--- Exercise instructions ---
Leaving out the pictures, return each line of the entries from the first through the line with "16751 Picardy Way, Delray", and only those lines.

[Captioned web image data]
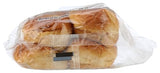 Whole Foods Market Kitchens Brioche French Baguette, 12 OZ
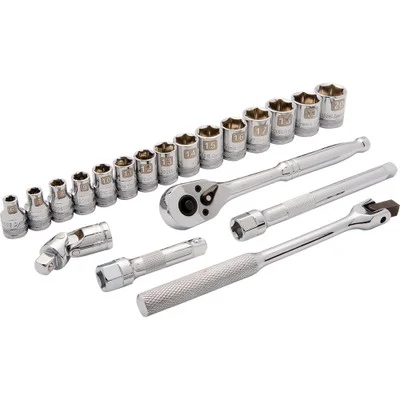 jbtools202606052130173010400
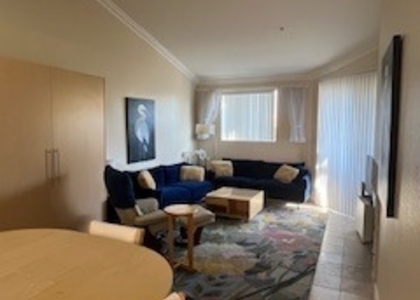 230 E Flamingo Road - Photo 1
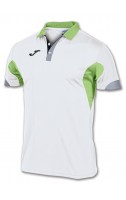 Polos JOMA - Polo Manga Corta Master
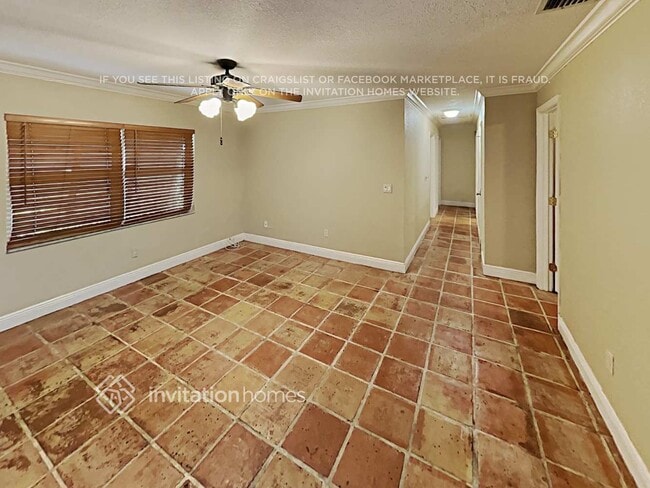 Foto del edificio - 4885 Alfresco St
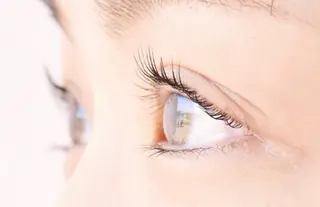 パーマ 健康センター 日本橋のエステ・リラクイメージ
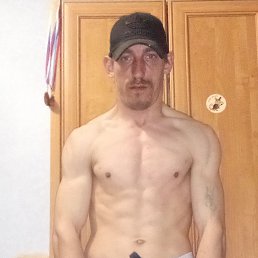 ������, 30 ���, �����������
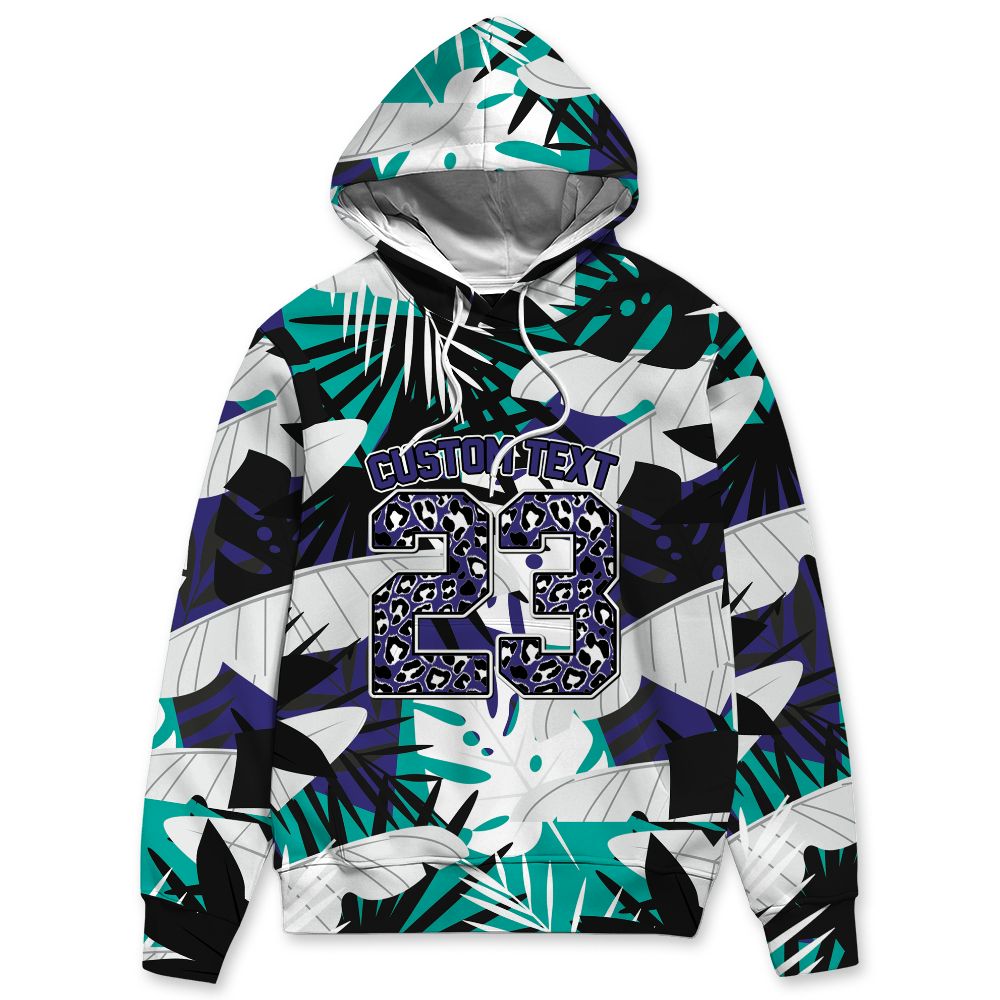 Grape-5s-NastyJamz-Hoodie-Match-Custom-23-Leopard-All-Over-Print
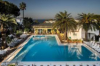 last minute Italia / Insula Ischia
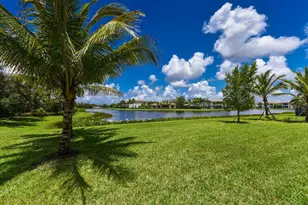 16751 Picardy Way, Delray Beach, FL 33446 - Photo 27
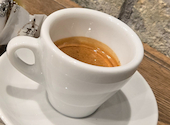 cafe STUDIO: みーちゃんさんの2026年04月01日の1枚目の投稿写真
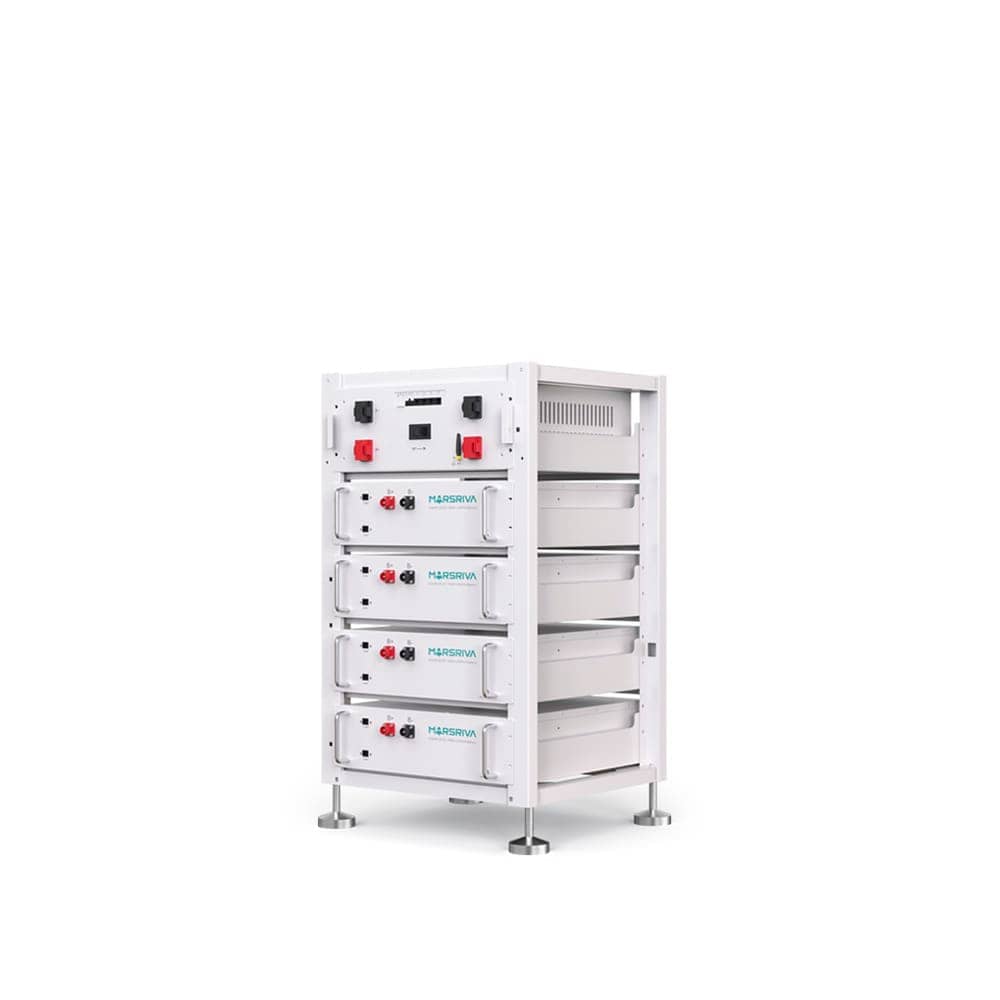 بطارية ليثيوم BP20HRT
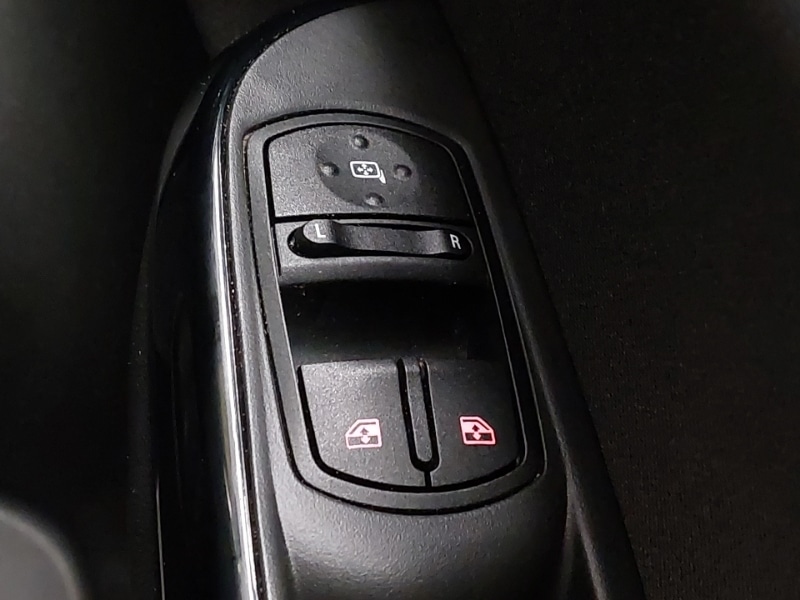 Used Vauxhall Corsa 2019 for sale - 77228723: Photo 18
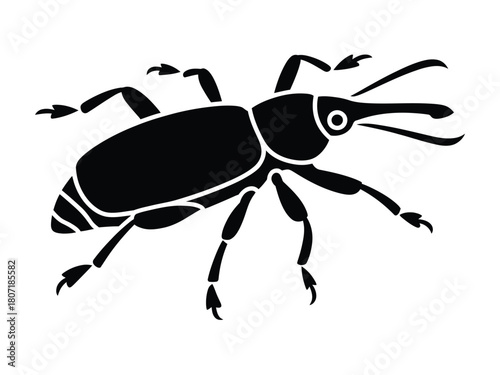 0011_2_silhouette-of-rice-weevil-black-vector-o_CgwbA4LMS5eysAyh5Tfn_Q_gRaLmJaFQ4S47ZNkQS4YFQ.eps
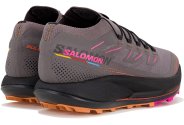 Salomon Pulsar Trail Pro 2 W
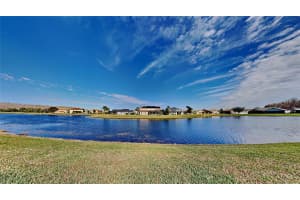 2554 Chapala Dr, Kissimmee, FL 34746, Sold 02/17/23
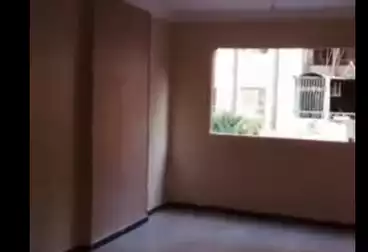 شقق للإيجار - 3 غرف - بالدور 1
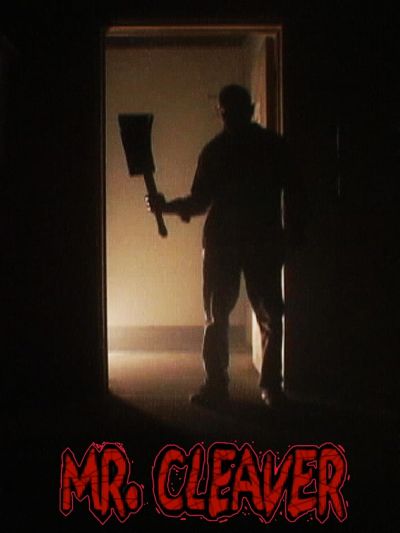 watch-Mr  Cleaver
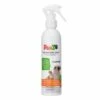 Pawz Dog Pawz Boots Dog Spray -Miscota Soldes Boutique AS00046 637e1239b25b1 g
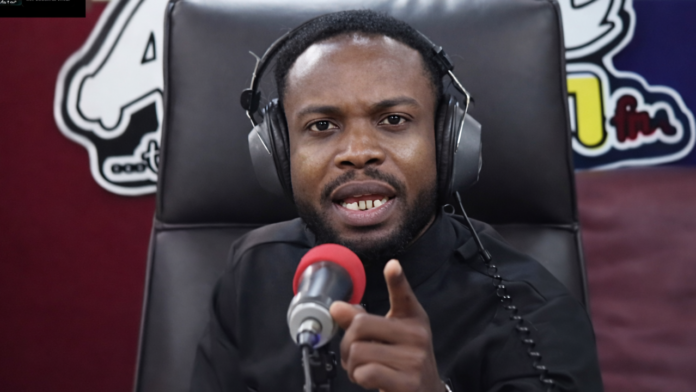 NPP Primaries_ One Presidential Aspirant Will Suffer a Stroke After the Ele_20260201_083206_0000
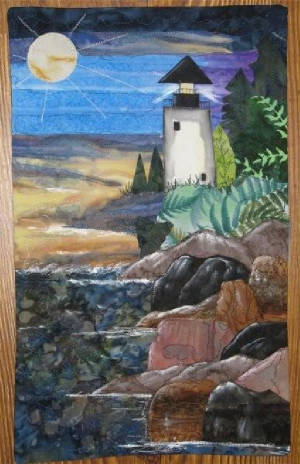 ArtQuilts/sminiquilt2.jpg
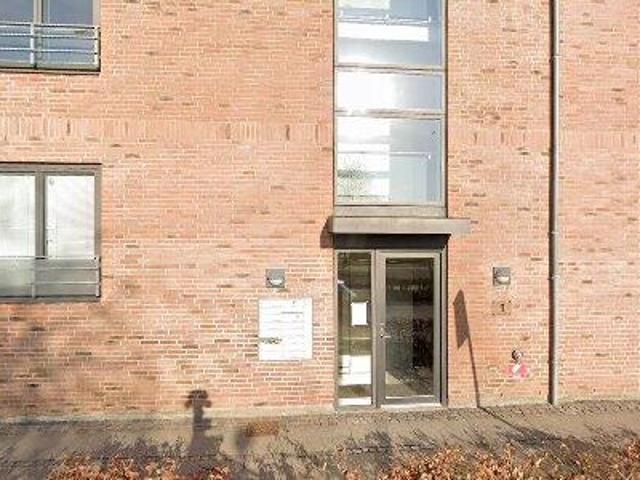 Lejlighed til salg i Aalborg, Brønderslev-Dronninglund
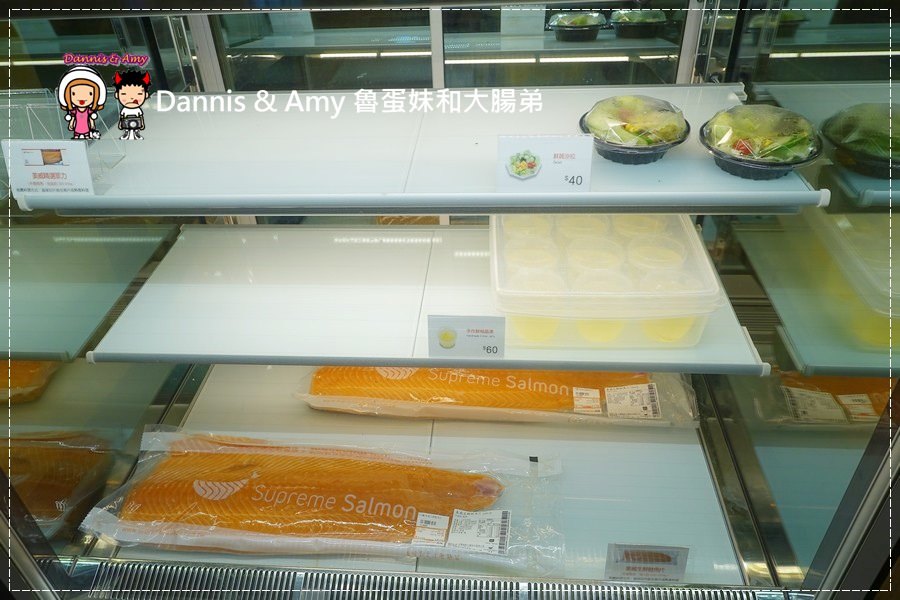 1503602249-bbe73fc3b42e88ae6fe0f03a9cfd8f2c-fhczq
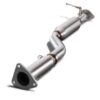 Mazda RX-8 1.3 2003-2012 models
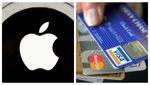 இந்தியாவில் கிரெடிட், டெபிட் கார்டு பரிவர்த்தனையை ஏற்க முடியாது.. ஆப்பிள் அறிவிப்பால் சர்ச்சை!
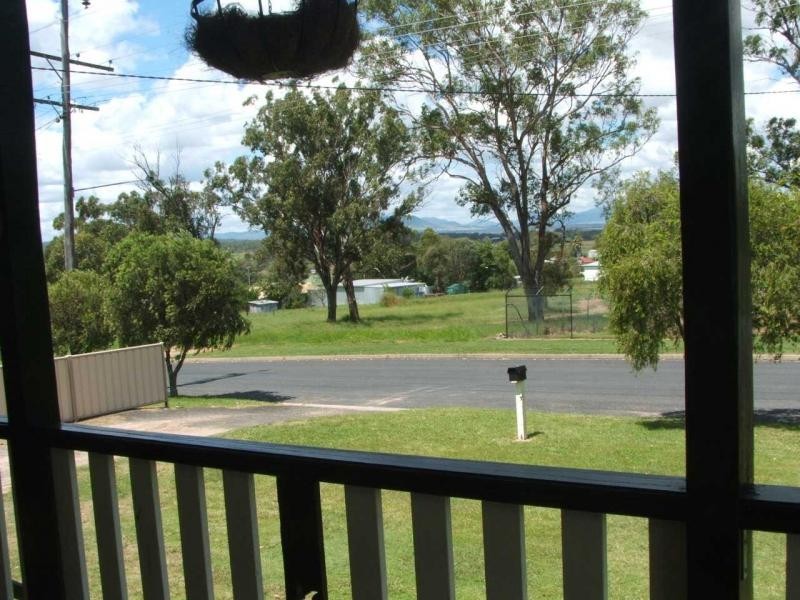 Warwick QLD 4370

--- Your response ---
 Whole Foods Market Kitchens Brioche French Baguette, 12 OZ
 jbtools202606052130173010400
 230 E Flamingo Road - Photo 1
 Polos JOMA - Polo Manga Corta Master
 Foto del edificio - 4885 Alfresco St
 パーマ 健康センター 日本橋のエステ・リラクイメージ
 ������, 30 ���, �����������
 Grape-5s-NastyJamz-Hoodie-Match-Custom-23-Leopard-All-Over-Print
 last minute Italia / Insula Ischia
 16751 Picardy Way, Delray Beach, FL 33446 - Photo 27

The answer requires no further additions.